Pakistan has called for climate resilience to be embedded into global financial frameworks, with Federal Minister for Finance and Revenue Senator Muhammad Aurangzeb stressing that traditional systems must evolve to meet the realities of climate change. Speaking at the Global Development Finance Conference, Momentum 2025, in Riyadh, the minister emphasized that vulnerable economies no longer have the luxury of treating climate adaptation as a secondary priority.
Aurangzeb participated in a high-level panel alongside senior representatives from Jordan, Tajikistan and the West African Development Bank. The discussion centered on how climate-exposed countries can secure the capital needed to manage rising environmental risks, support recovery efforts and invest in long-term adaptation.
Drawing from Pakistan’s own recent challenges, the minister highlighted that climate change is no longer an abstract concern. He referenced the catastrophic 2022 floods, which resulted in an estimated US$30 billion in losses, followed by new flooding this year expected to shave almost half a percentage point off Pakistan’s GDP growth. He noted that the country has had to build fiscal buffers to fund emergency responses using domestic resources alone.
However, reconstruction and large-scale adaptation, he said, require access to significant external financing. Pakistan’s progress in preparedness includes the development of an AI-enabled early warning system at the National Emergency Center, which now issues monthly climate forecasts. Still, Aurangzeb emphasized that Pakistan’s internal capacity remains insufficient given the scale of climate vulnerabilities it faces.

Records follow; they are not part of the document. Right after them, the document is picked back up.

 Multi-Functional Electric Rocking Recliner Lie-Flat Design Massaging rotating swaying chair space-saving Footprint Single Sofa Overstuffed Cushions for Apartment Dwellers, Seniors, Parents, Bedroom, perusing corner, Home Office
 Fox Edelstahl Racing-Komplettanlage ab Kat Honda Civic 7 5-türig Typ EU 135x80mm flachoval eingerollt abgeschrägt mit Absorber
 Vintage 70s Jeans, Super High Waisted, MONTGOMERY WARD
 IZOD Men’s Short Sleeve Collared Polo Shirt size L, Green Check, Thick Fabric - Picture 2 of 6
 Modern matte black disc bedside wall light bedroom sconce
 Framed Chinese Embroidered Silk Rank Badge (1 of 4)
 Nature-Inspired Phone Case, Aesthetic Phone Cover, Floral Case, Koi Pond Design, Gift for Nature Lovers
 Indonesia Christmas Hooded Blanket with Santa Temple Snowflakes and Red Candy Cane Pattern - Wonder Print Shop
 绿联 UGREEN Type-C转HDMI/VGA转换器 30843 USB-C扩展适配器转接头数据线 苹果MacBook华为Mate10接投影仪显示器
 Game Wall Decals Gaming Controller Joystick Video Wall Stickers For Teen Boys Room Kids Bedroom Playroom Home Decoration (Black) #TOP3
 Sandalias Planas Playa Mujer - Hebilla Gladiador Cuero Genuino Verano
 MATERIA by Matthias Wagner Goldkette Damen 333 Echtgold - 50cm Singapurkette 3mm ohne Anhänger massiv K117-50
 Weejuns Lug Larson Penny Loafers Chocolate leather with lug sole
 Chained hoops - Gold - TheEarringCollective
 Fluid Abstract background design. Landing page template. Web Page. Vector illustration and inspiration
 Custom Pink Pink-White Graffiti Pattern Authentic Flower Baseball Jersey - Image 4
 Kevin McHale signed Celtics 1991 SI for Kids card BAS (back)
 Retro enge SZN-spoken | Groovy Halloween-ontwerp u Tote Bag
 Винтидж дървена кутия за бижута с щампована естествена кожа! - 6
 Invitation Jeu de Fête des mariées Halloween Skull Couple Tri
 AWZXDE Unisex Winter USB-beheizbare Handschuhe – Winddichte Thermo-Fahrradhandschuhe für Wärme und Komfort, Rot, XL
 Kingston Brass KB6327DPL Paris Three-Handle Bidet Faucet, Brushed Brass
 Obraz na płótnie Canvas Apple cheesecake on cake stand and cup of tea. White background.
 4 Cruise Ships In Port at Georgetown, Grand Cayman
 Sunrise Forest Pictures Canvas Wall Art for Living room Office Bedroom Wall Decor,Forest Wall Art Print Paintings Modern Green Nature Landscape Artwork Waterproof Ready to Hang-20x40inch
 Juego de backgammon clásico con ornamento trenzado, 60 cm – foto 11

The minister pointed to the 10-year Country Partnership Framework with the World Bank Group, which allocates around US$20 billion, with one-third earmarked for climate resilience and decarbonisation. The challenge now, he said, is ensuring that Pakistan develops strong, bankable projects that can unlock these funds efficiently.
He also expressed concern over the slow and bureaucratic nature of major global climate financing channels, such as the Green Climate Fund and the Loss and Damage Fund. In contrast, Pakistan has begun securing support from multilateral partners, including receiving the first US$200 million tranche under the IMF Climate Resilience Fund.
Responding to questions on aligning climate and development goals, Aurangzeb said national budgets worldwide must mainstream climate priorities to attract external financing and crowd in private investment. He also noted Pakistan’s strengthened engagement with the United States in minerals, digital technologies, and renewable-aligned sectors. Highlighting the Reko Diq copper project, he described its US$7 billion financial close—backed by IFC and the U.S. EXIM Bank—as transformational, with potential export earnings projected to reach 10 percent of Pakistan’s current export base by 2028.
Aurangzeb reaffirmed Pakistan’s “and-and” approach to global partnerships, balancing long-standing cooperation with China under CPEC’s new Phase 2.0 while expanding ties with the United States. This balanced strategy, he said, positions Pakistan to attract diversified investment that supports both development and climate objectives.
The session concluded with consensus among panelists that collaborative financing, innovation and regional cooperation are essential for helping vulnerable countries withstand accelerating climate pressures and pursue sustainable growth.